# Thread: Help With word Problem

1. ## Help With word Problem

A student is in a stationary hot-air balloon that is momentarily fixed at 1,325 ft above a piece of land. This pilot looks down 60o (from horizontal) and turns laterally 360o

a) How many acres of land are contained by the cone created by her line of site?
b) How high would the balloon be if, using the same procedure, an area four times greater is encompassed?

2. ## Re: Help With word Problem

Hey bossmann.

Hint: How do you find the radius of the circle using Pythagoras' Theorem and the sin/cos/tan relationship with a right angled triangle?

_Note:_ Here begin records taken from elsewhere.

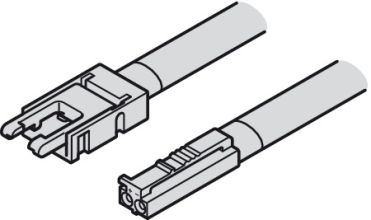 24V Cabo para fita LED 8 mm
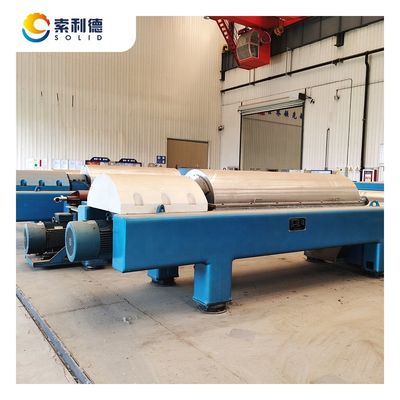 AVOT-3 2T/H Centrifugadora de decantador de aceite de oliva de 2 fases Lo último en tecnología de extracción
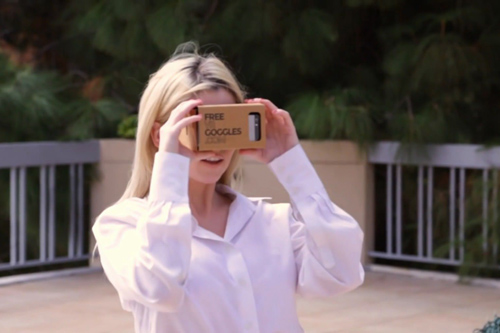 VR眼镜应用技术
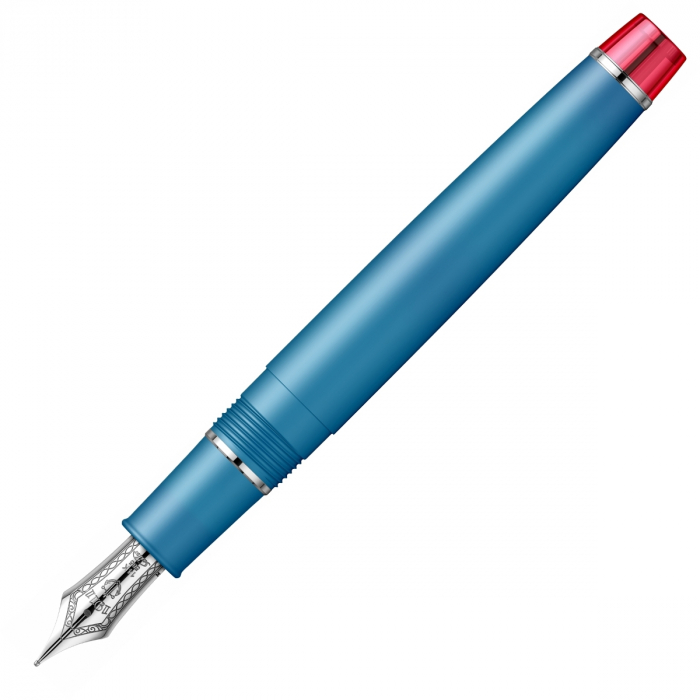 Stilou Pro Gear SE Manyo SE Plum RHT Slim Size 14K, Sailor [9]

3. ## Re: Help With word Problem

Hello, bossmann!

A student is in a stationary hot-air balloon that is momentarily fixed at 1,325 ft above a piece of land.
The pilot looks down 60o (from horizontal) and turns laterally 360o.

a) How many acres of land are contained by the cone created by her line of site?

Looking down, she will see a circle of radius $\displaystyle r.$
Code:
                *
/|\
/ | \
/  |  \
/   |30o\
/    |    \
/ 1325|     \
/      |      \
/       |       \
/        |        \
*---------+---------*
r         r
We have: .$\displaystyle \tan30^o \:=\:\frac{r}{1325} \quad\Rightarrow\quad r \:=\:1325\tan30^o \:=\:764.9891067 \:\approx\:765\text{ ft.}$

The area is: .$\displaystyle \pi r^2 \:=\:\pi(765^2) \:=\:1,\!838,\!538.561\text{ ft}^2.$

I'll let you convert it to acres.

b) How high would the balloon be if, using the same procedure, an area 4 times greater is encompassed?

To have four times the area, we must have twice the radius.
Therefore, the height must be twice as high: .$\displaystyle 2 \times 1325 \:=\:2650\text{ ft.}$